Hi @zeke, sorry for my late answer, thanks for the proposition, you are absolutely right, the model names are not very informative. The thing is that the models are doing the same thing in a sense (also trained on the same prompts dataset), it's just that the architecture is different (vitgan vs mlp_mixer) and between 0.1 and 0.2 I used different set of data augmentations. The reason they are provided altogether is that the user might prefer one option over the other one for a specific prompt. One way to avoid the naming would be to to not provide model choice explicitly, but rather, display a grid of images as an output like in ICGAN (https://replicate.ai/arantxacasanova/ic_gan), where the image of each cell of the grid would be the generated image from a model.

So I am not totally sure, I will think about it, if you or anyone have any propositions, would be glad to hear from you.

afiaka87 commented 3 years ago

@mehdidc @zeke

The distinguishing information is: modelType: ["mlp_mixer", "vitgan"] -> basically "experimental (mlp_mixer) versus established (vitgan)" version: ["v0.1", "v0.2"] -> not sure what the precise differences are here, @mehdidc ? dimension: [128, 256, 512, 1024] -> correlates directly with accuracy of model. bigger is better, but slower. depth: [8, 16, 32] -> number of hidden layers. correlates directly with accuracy of model. bigger is better, but slower.

this info is contained in the filename (albeit cryptically) . The format is: {dataset}_{depth}x{dimension}_{type}_{version} if you remove the curly braces.
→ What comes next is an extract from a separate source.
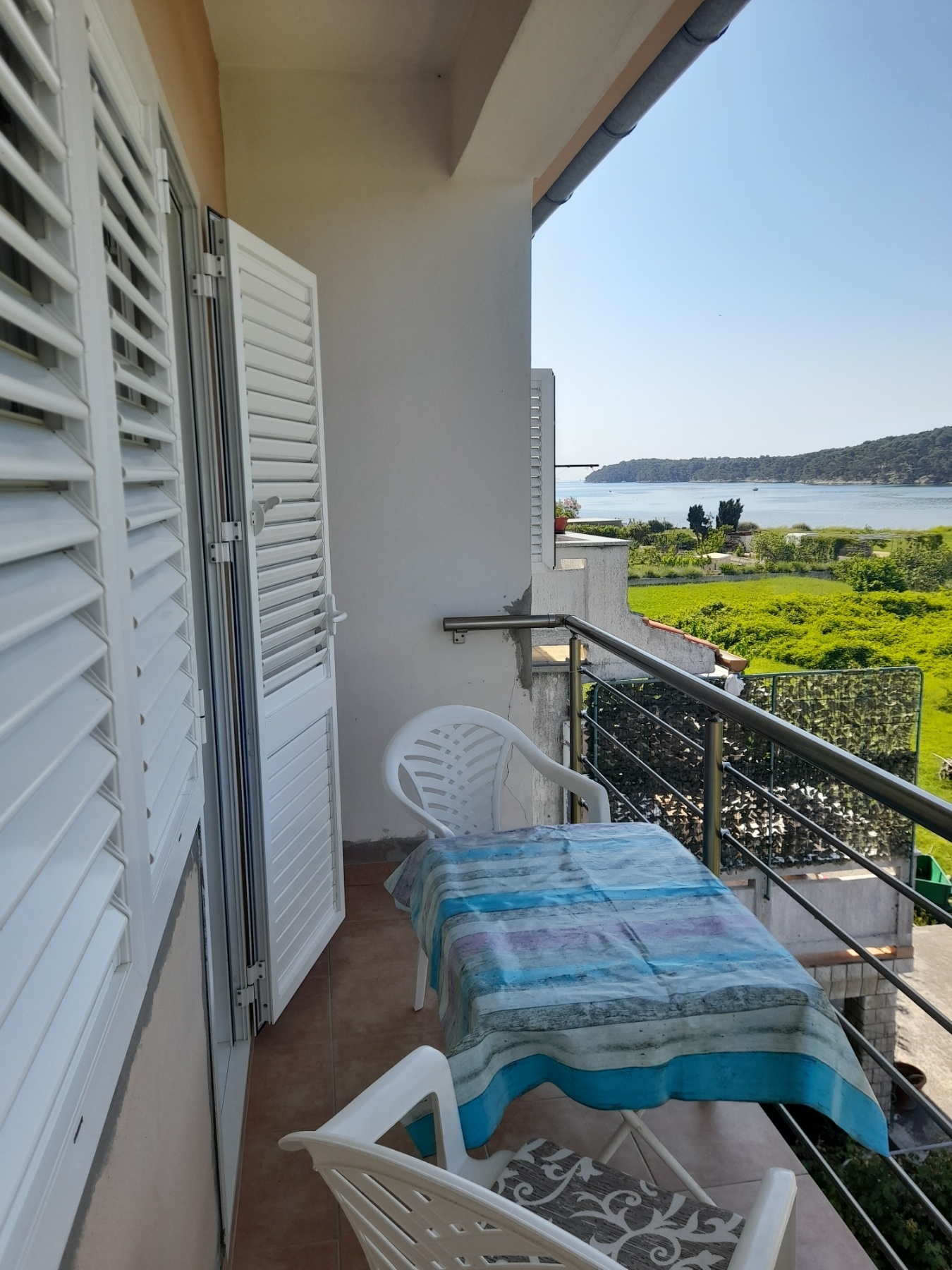 Two bedroom apartment with terrace and sea view Kampor, Rab  A-a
So cc12m_32x1024_vitgan_v0 gives you: dataset: cc12m depth: 32 dimension 1024 type: vitgan version: v0

From skimming your post @zeke am I correct in assuming you have a somewhat limited API to work with on replicate? There are a few ways this information could be presented. Perhaps easiest would be to summarize this info and make it easy to get to from replicate.